Big Analytics Roundup (March 21, 2016)
Minimal hard news this week, but some interesting survey results, analysis, articles, explainers and perspectives.
— On his personal blog, Will Kurt describes Bayesian reasoning in the Twilight Zone. I tried to learn Bayesian reasoning a few years ago, but it conflicted with my prior beliefs.
— Stack Overflow shares results from its 2016 Developer Survey. (h/t Thomas Ott) Key bits:
- Most popular technologies for math and data: Python and SQL.
- Top paying technologies: Spark and Scala.
- Top paying tech for data scientists: Scala, Spark and Hadoop.
- Top tech stack for data scientists: Python + R + SQL.
- Top development environments for data scientists: (1) Vim; (2) Notepad++; (3) RStudio; (4) IPython/Jupyter.
- Job priorities for data scientists: (1) Salary; (2) Building something that’s innovative.
- Biggest challenge at work (all respondents): Unrealistic expectations.
- Purchasing power of developers in South Africa: 25,713 Big Macs per year.
— MIT Technology Review summarizes a comparative analysis of the tweeps for Hillary Clinton and Donald Trump. Study authors use facial recognition to classify followers into demographic categories, with surprising findings.

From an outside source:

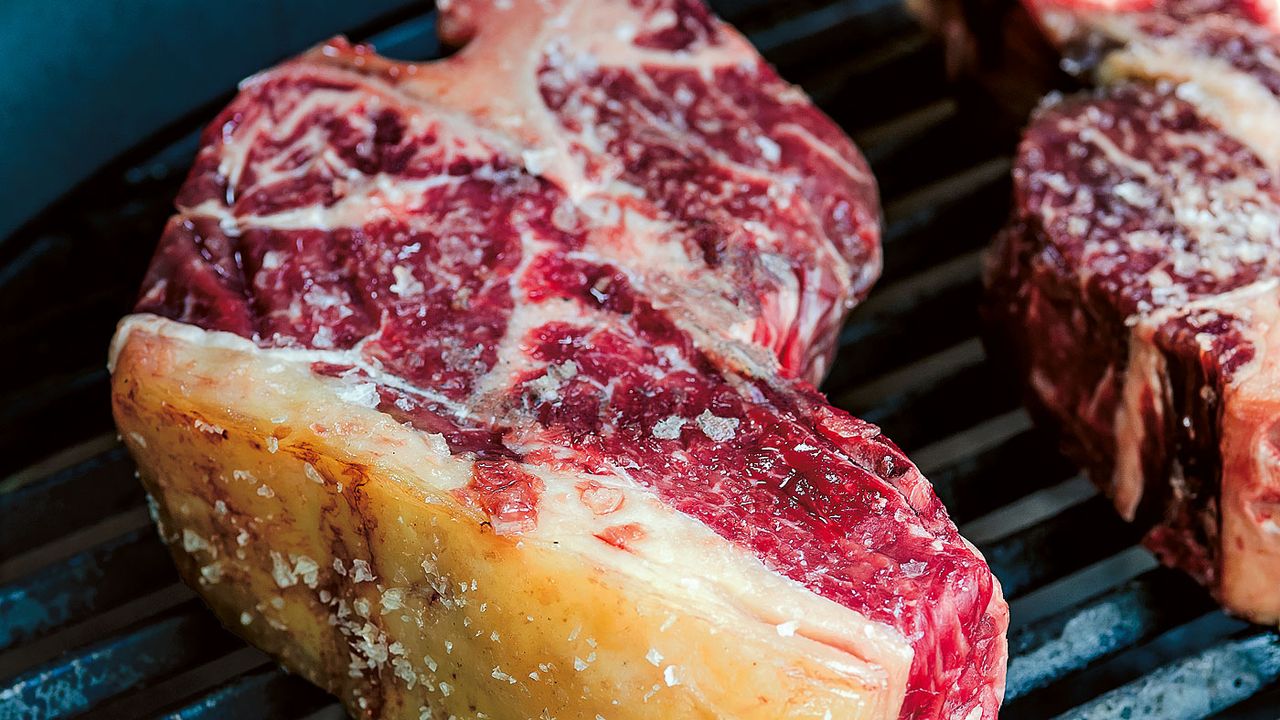 Steak cooking on a barbecue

— Daniel Chalef of Domino Data analyzes data from Google Trends and StackOverflow, discovers that people search for open source data science tools more than they do for commercial data science tools. For a more comprehensive look at this question, see Bob Muenchin’s blog on the popularity of analytics software. Search interest is one data point, Bob’s work with job postings offers a better picture of the actual state of the market.
— On his Databaseline blog, Ian Hellström corrals information on Apache streaming projects, including Apex, Beam, Flink, Flume, Ignite, NiFi, Samza, Spark Streaming and Storm/Trident.
— On the Confluent blog, Jay Kreps explains Kafka Streams. Given Kafka’s dominance in the streaming data space, I suspect that we will see Confluent move upstream — no pun intended — to streaming analytics.
— This week from the morning paper:
- Adrian Colyer explains MacroBase, an open source software project for anomaly detection in streaming data.
- … explains social engineering attacks and potential defenses.
- … explains distributed TensorFlow with MPI. Distributed versions improve (runtime) performance, but scaleability is sublinear; with 32 nodes, performance is a little less than 12X faster than a single node.
— MapR’s Tugduall Grall explains what Spark is, what it does, and what sets it apart.
— In SlideShare, Joe Chow explains random grid search for hyperparameter optimization in H2O.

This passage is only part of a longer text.